IIIF Search and Discovery (DRAFT)

Tom Crane, Digirati, May 2017
This work is licensed under a Creative Commons Attribution-NonCommercial-ShareAlike 4.0 International License

IIIF Search and Discovery

What do we mean when we talk about search?

Leaving aside IIIF for a moment, here are some scenarios that fall under the general description search. You are the institution providing search capability, I’m the user:

I don’t know precisely what I’m looking for, but I suspect that you have items that will interest me. When I search on your site, I discover that an item exists. I didn’t know that there was a newspaper called the Banbury Cake, but my search results are giving me articles from it. I’m getting books and archival items related to my search terms and facets. I didn’t know about these things before, searching your site has made me aware of them.
I know about an item and I suspect you have it, and I want to find it. I'm pretty sure I know what the item is called, or the name of someone associated with it, or values of other fields that you have probably used to describe the item. I can narrow down my search and find it quickly.
I know about an item and I suspect you have it, and I want to find it. Maybe I know or can guess at a phrase or terms from the content of the item (the text of a book, the transcription of a letter), and/or the text content of editorial copy that might be associated with it (a web page about the item in the context of an exhibition, an article about a painting).
I don’t know what you have, but I can still find items by searching for terms and phrases that interest me and finding hits from item content.
I just want to explore and don’t want to think about search boxes at all. I don’t know what you have yet, let me take a look around.
I don’t need to discover anything. I know what it is of yours that interests me, one of your collections or items is the subject of my research. I know exactly what the items are, where they are, I look at them regularly. The content of the resources is what interests me, I’m interested in the services you offer that let me interrogate and process the items’ content (rather than their descriptions). The content could be text, images, data, tags, links and other resources.
I’m reading a digitised book and I want to quickly find a particular string - if I were looking at a web page I’d just hit ctrl+F, but I’m in a viewer where the text is spread across hundreds of digitised page images. I could download the full text and search within that, but that won't give me the results in context in the digitised object.
I’m looking at a digitised archival item and I want to find a particular piece of text in the transcriptions or commentary. It might not be text from the item itself (it’s not in digitised images) but it is strongly associated with particular parts of the item, or regions of images.
I want to query with text and get back images.
I want to query with images and get back text.
I want to query with images and get back images.
I want to query with text and get back text.
I want to craft one or more queries that generate a large number of item hits - mostly printed books relating to my field of study. For each match I want to view the text and digitised image(s) of the tables of content of each book, so that I can assess its usefulness.
I want to find illustrations in printed books by searching for text that appears near them, in captions or surrounding text.

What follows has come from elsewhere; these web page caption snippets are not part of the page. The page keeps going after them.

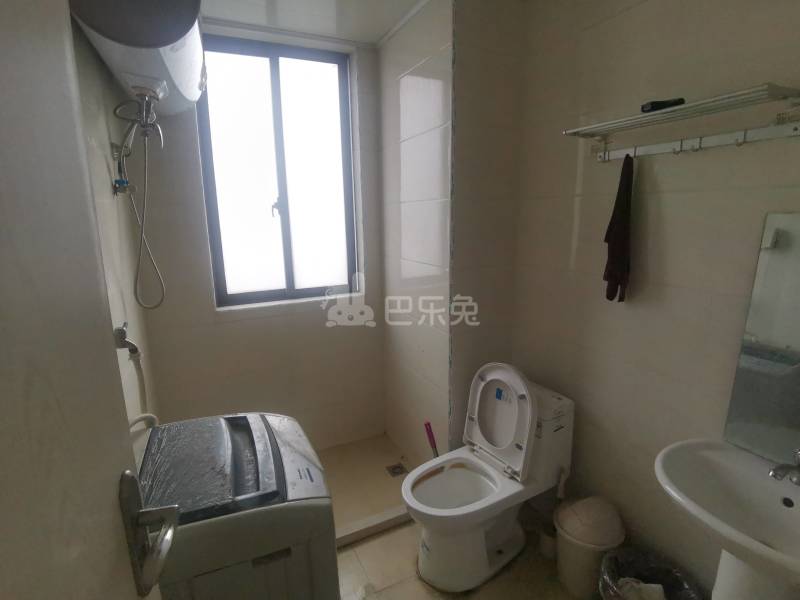 嘉诚国际花园5838697卫生间图10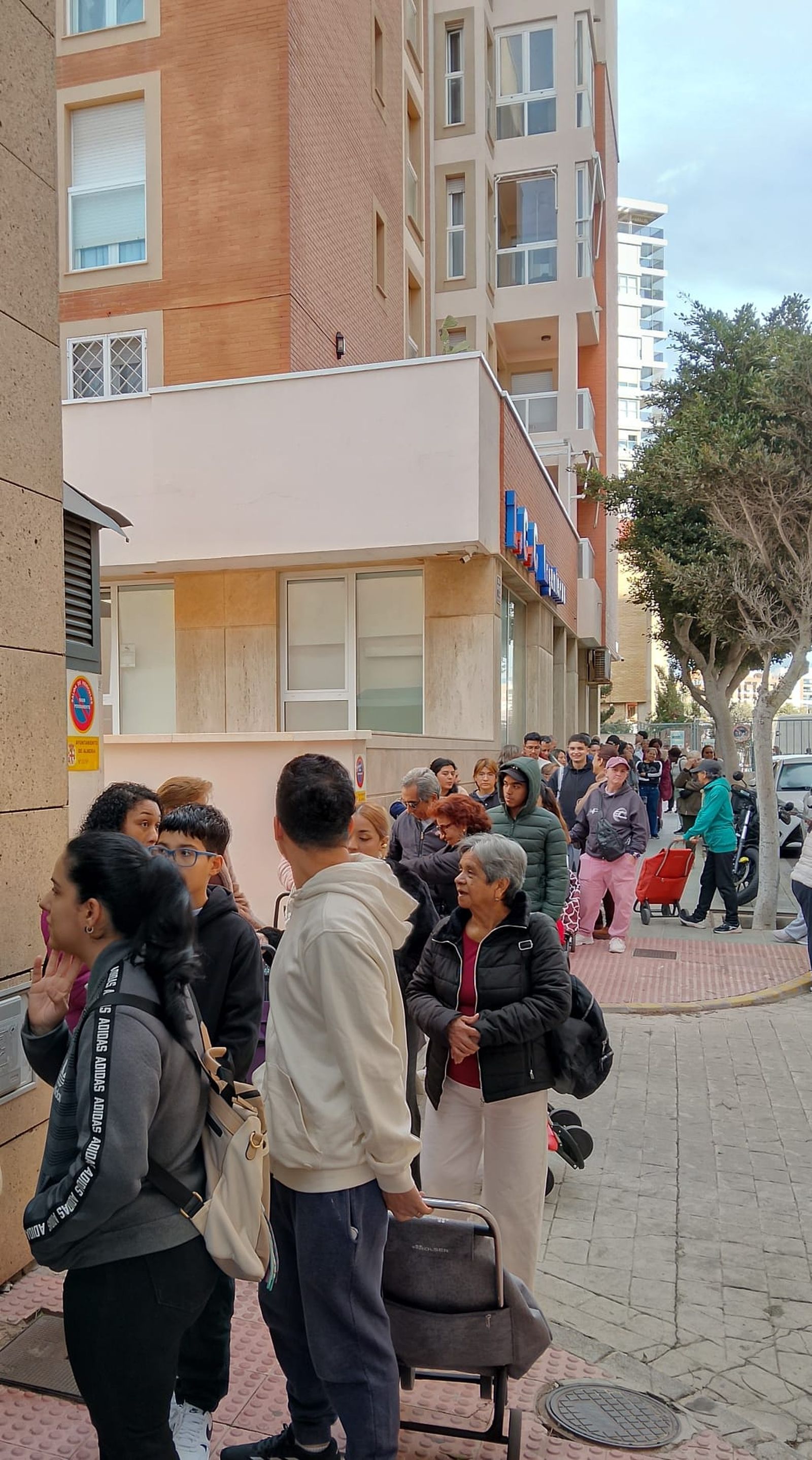 Esta asociación de colombianos de Almería celebra 20 años con 200 cestas de la compra a quienes más lo necesitan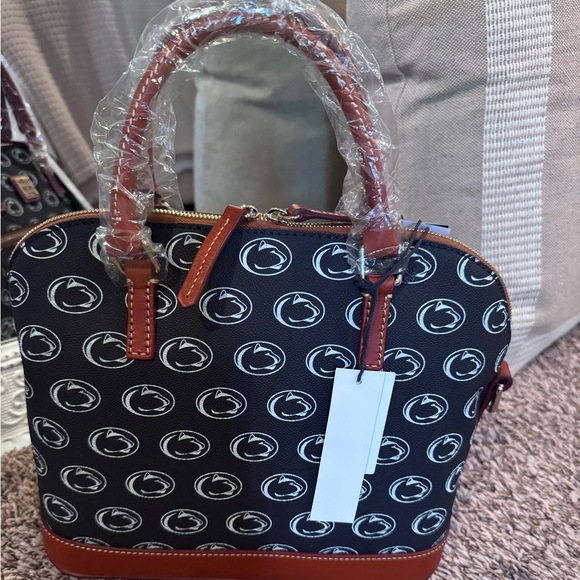 Penn State Nittany Lions Dooney & Bourke Signature Zip Satchel Purse - Picture 2 of 3
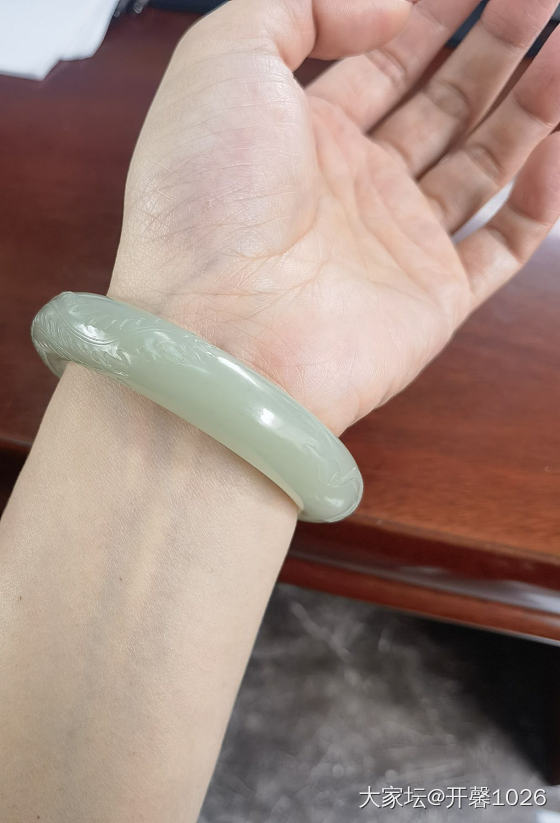 多年前买的一直雕刻和田玉籽镯，龙凤雕刻大轮胎，16000来的，不懂玉，也不知道亏_手镯和田玉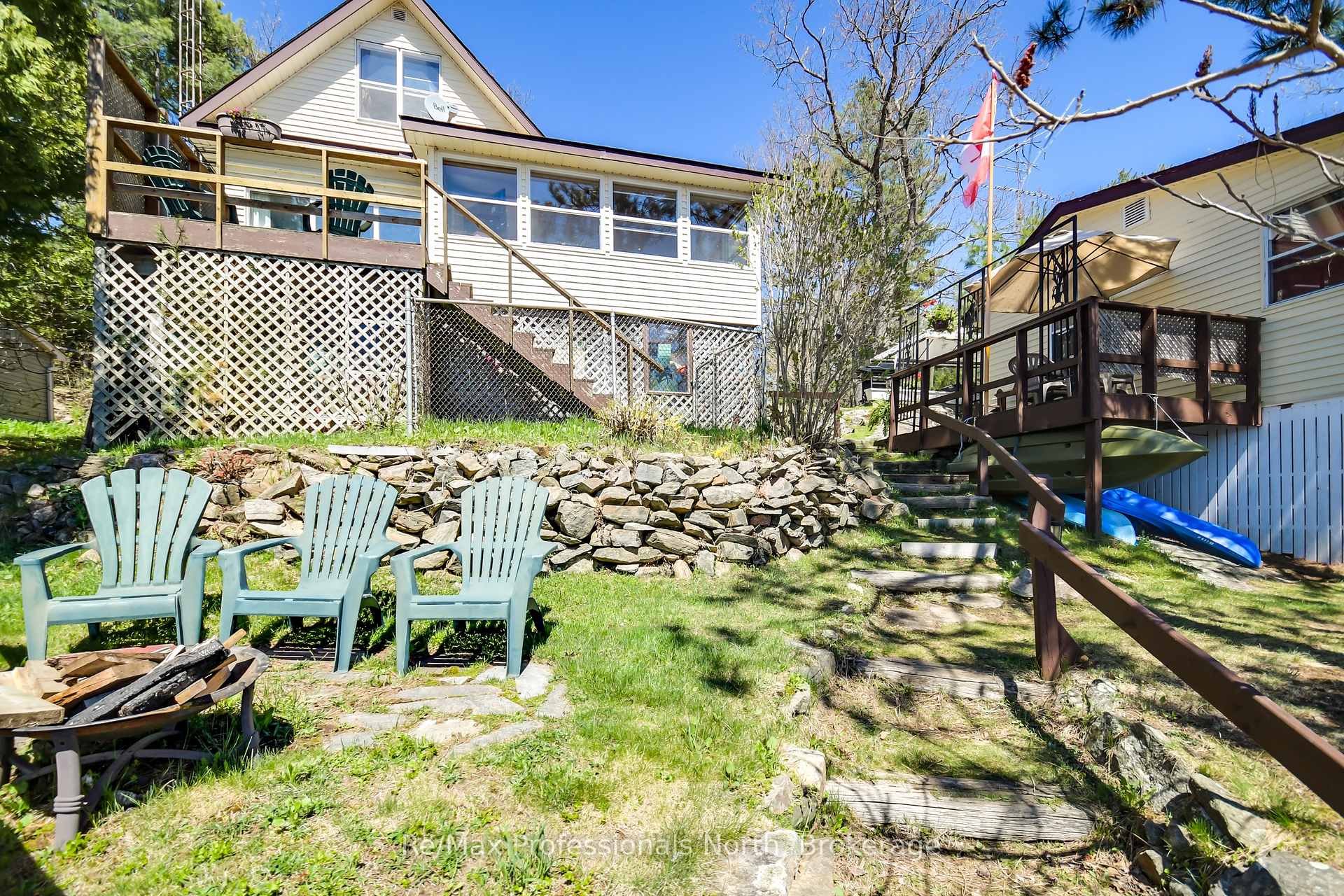 Photo 4 of 1055 Evanswood Drive, Gravenhurst, Wood (Gravenhurst) — HOMEH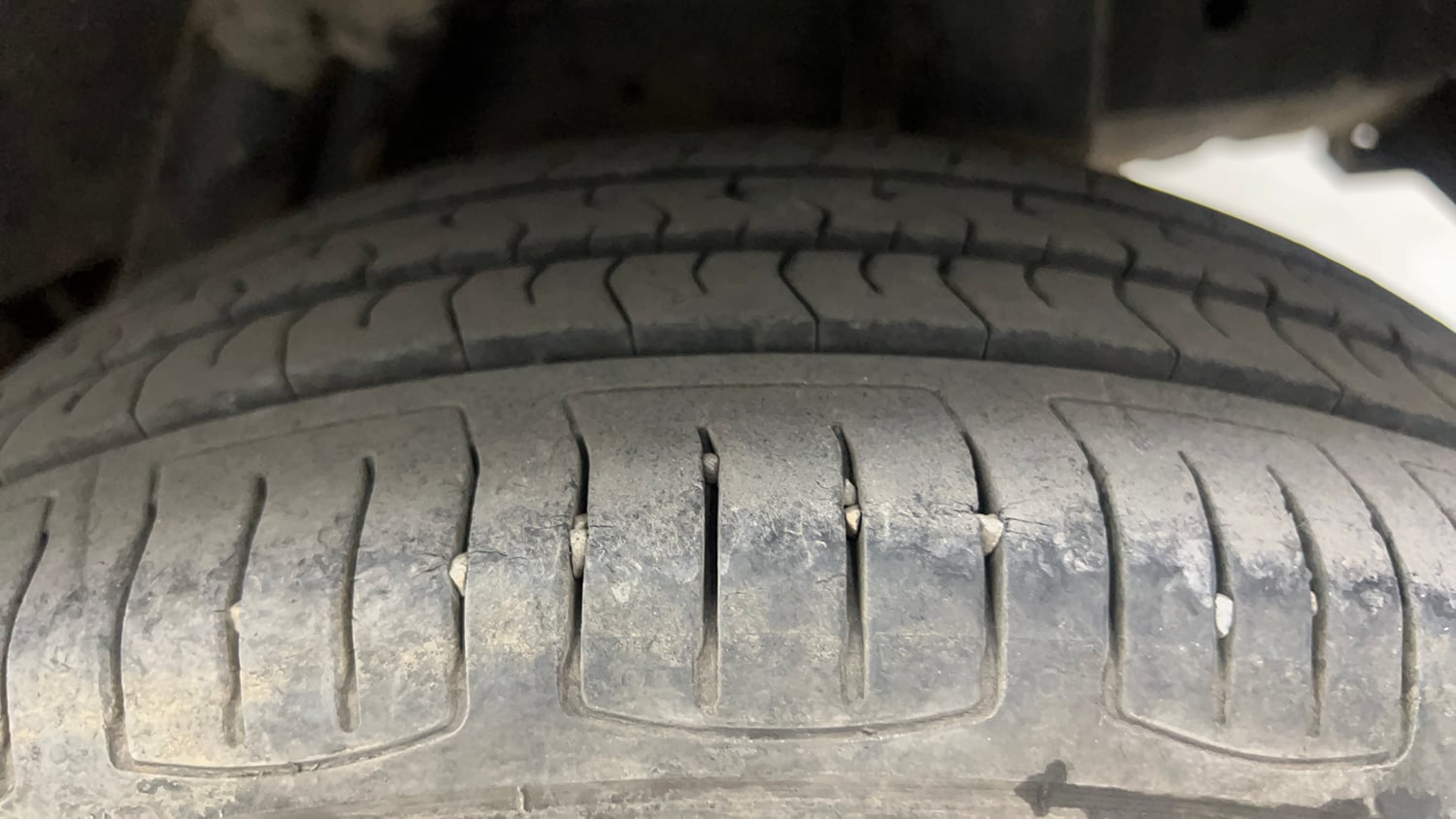 Used 2018 Mahindra KUV100 NXT K8 D 6 STR Diesel Manual tyres LEFT REAR TYRE TREAD VIEW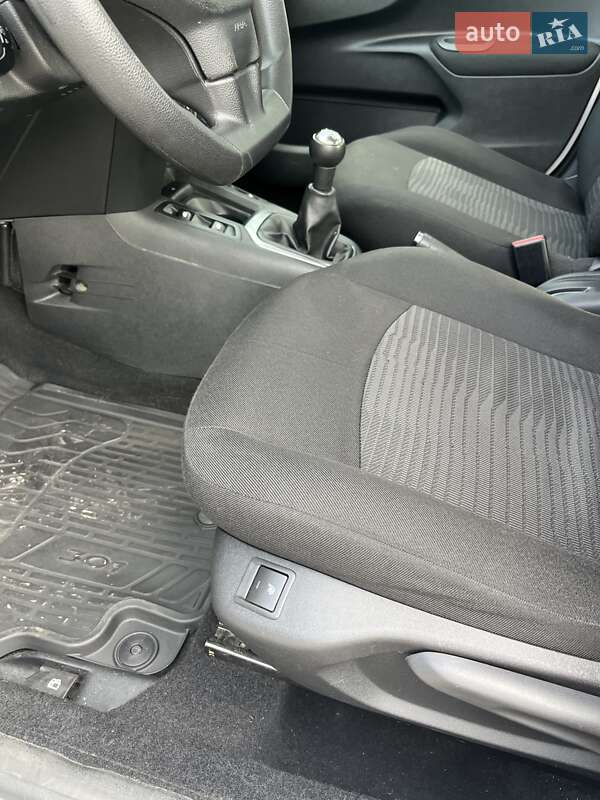 Седан Peugeot 301 2020 в Києві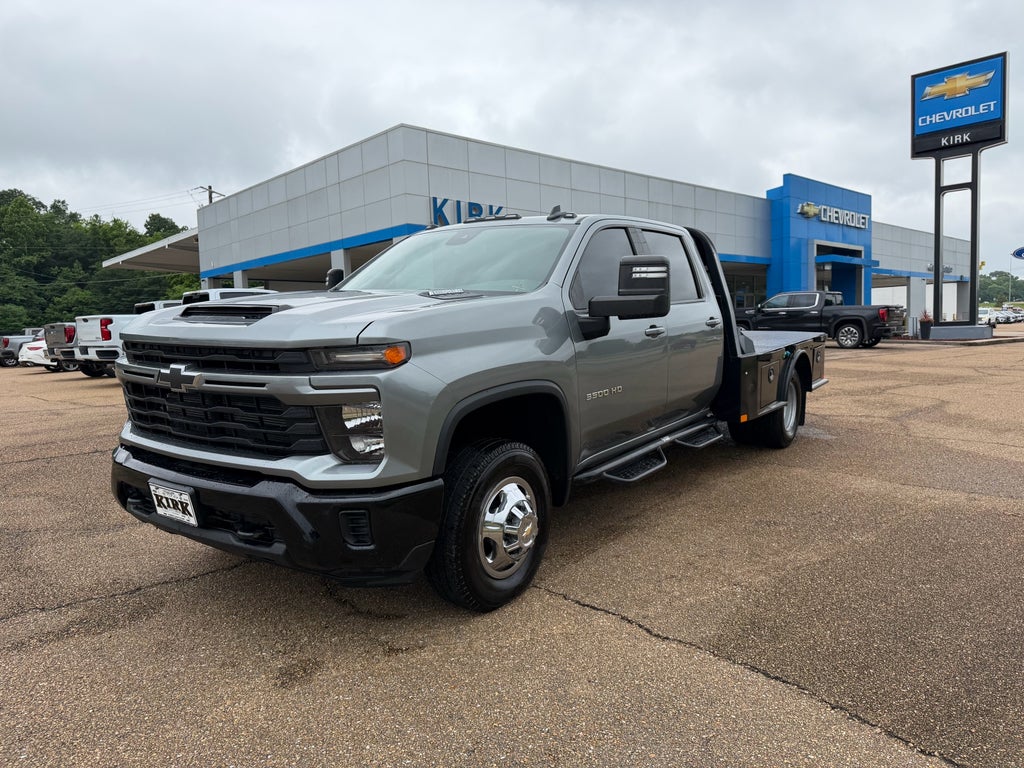2024 Chevrolet Silverado 3500 HD Chassis Cab LT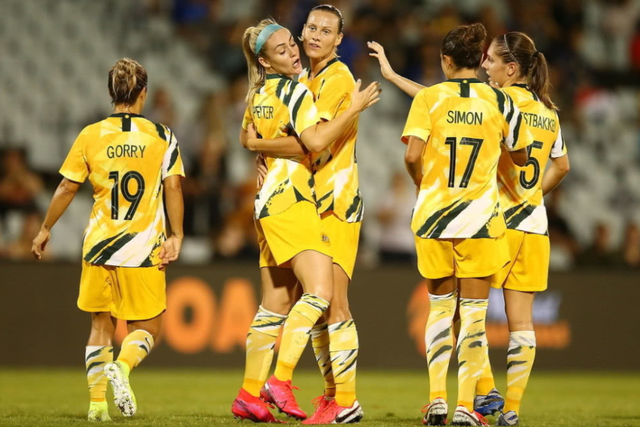 意甲积分榜-土耳其女球迷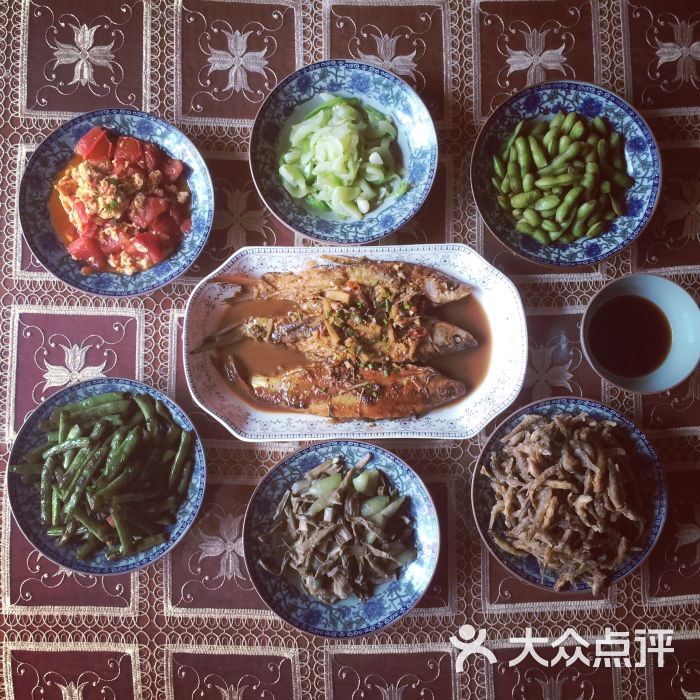 一桌农家菜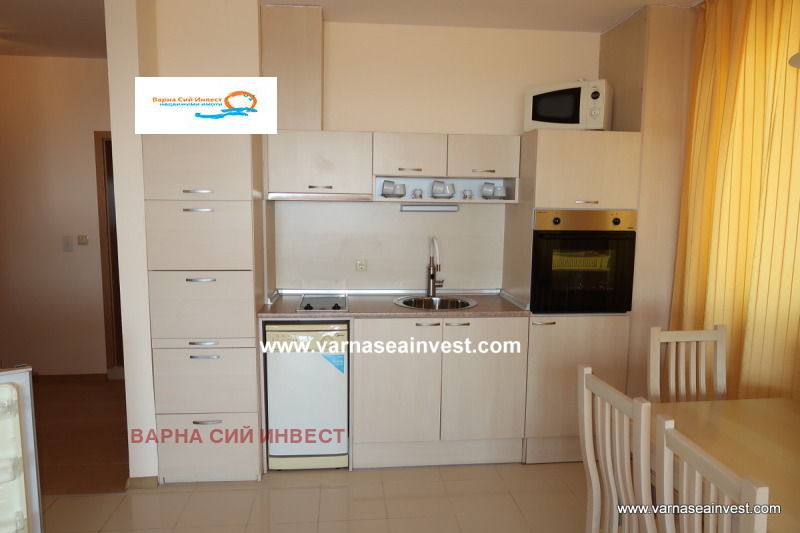 Продава  2-стаен област Добрич , с. Рогачево , 70 кв.м | 79680193 - изображение [2]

These are different search scenarios with very different user experiences. What makes a search result in these different scenarios?

Firstly, how does the result get to be a result? What contributed to its inclusion in the returned hits?

A search term or facet matched a field or part of a field from an object’s descriptive metadata, which is indexed by the search server. Most catalogue searches are like this. Some fields are surfaced as facets to narrow down a search.
A search term or phrase matched part of the text content of the object (the full text of a book, transcripts of letters), which is indexed by the search server. Many catalogue searches are enhanced by including the full text in the search criteria, and showing extracts that match the terms alongside the descriptive-metadata-derived summary.
A search matched other content associated with an object that you have indexed so that it can contribute towards a hit. The search service knows about comments, transcriptions, articles about the content and other editorial or curated content outside the catalogue description.
Various combinations of the above - for example, the search parameters included a free text term as well as facets:
- Printed books published in England between 1850 and 1900 whose text content contains the string ‘a tangled bank’
- Correspondence in an archive where the sender is Isaac Newton and either the transcript or the commentary for the letter (or both) contain the phrase ‘Whether Whiteness be a mixture of all Colours’

Secondly, what do the search results look like?

They might be a list of matching items (i.e., catalogue records) with a summary, in the way that a web search engine’s results are web pages with summaries or results in context.
Your results may point to web pages too, but there is a usually a conceptual difference when searching an institution’s objects via its own search tools: we are in some way searching for and/or within the objects themselves (or their digital surrogates), not just searching all the web pages about the objects (although we are interested in those too).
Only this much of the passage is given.